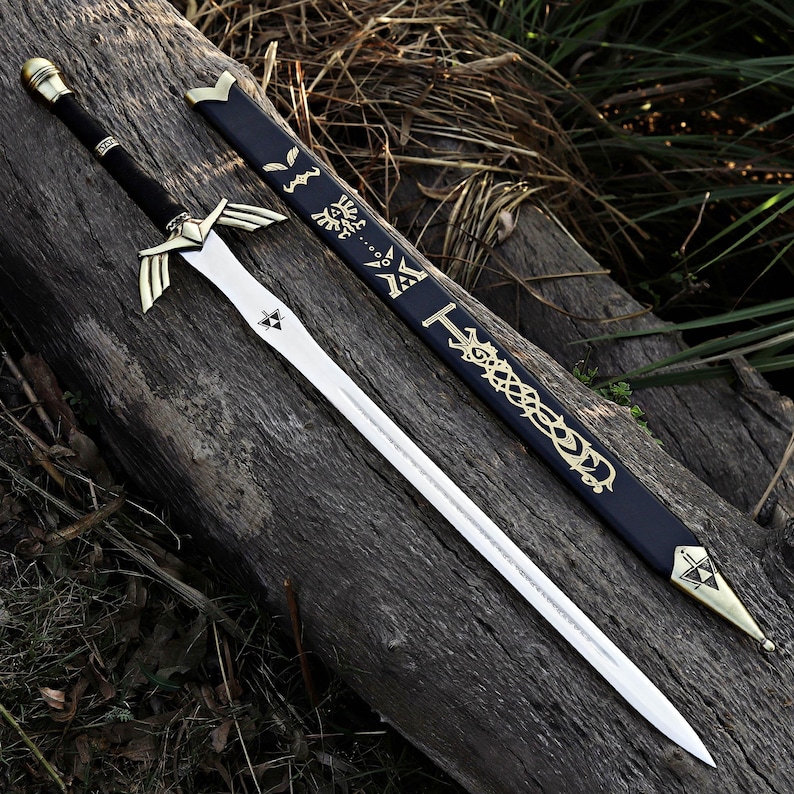 May include: A silver-toned metal sword with a black-wrapped handle, a gold-colored crossguard shaped like wings, and a triforce symbol on the blade. It is accompanied by a black scabbard featuring gold-colored decorative engravings and symbols.
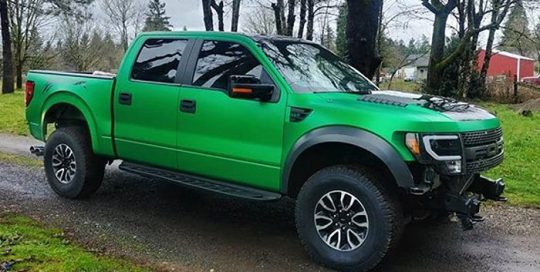 Ford Raptor wrapped in 3M 1080 Satin Sheer Luck Green vinyl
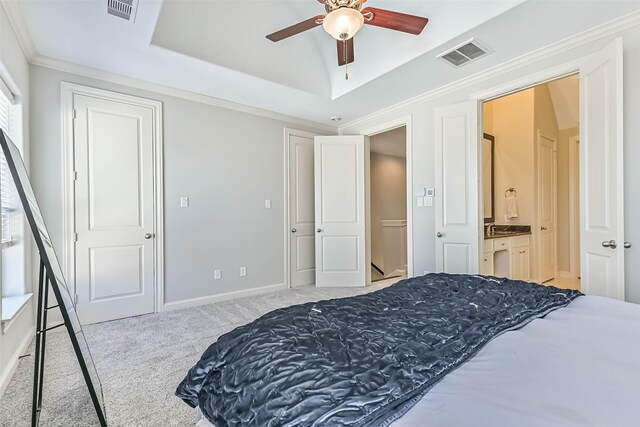 2425 Polk St, Houston, TX 77003 - carpeted bedroom featuring a raised ceiling, crown molding, ensuite bath, baseboards, and ceiling fan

# # # #

> _WHAT YOU WILL DO_
The answer must be the full listing, restated word for word, with no pictures in it.

> _RESULT OF THIS EXERCISE_
 May include: A silver-toned metal sword with a black-wrapped handle, a gold-colored crossguard shaped like wings, and a triforce symbol on the blade. It is accompanied by a black scabbard featuring gold-colored decorative engravings and symbols.
 Ford Raptor wrapped in 3M 1080 Satin Sheer Luck Green vinyl
 2425 Polk St, Houston, TX 77003 - carpeted bedroom featuring a raised ceiling, crown molding, ensuite bath, baseboards, and ceiling fan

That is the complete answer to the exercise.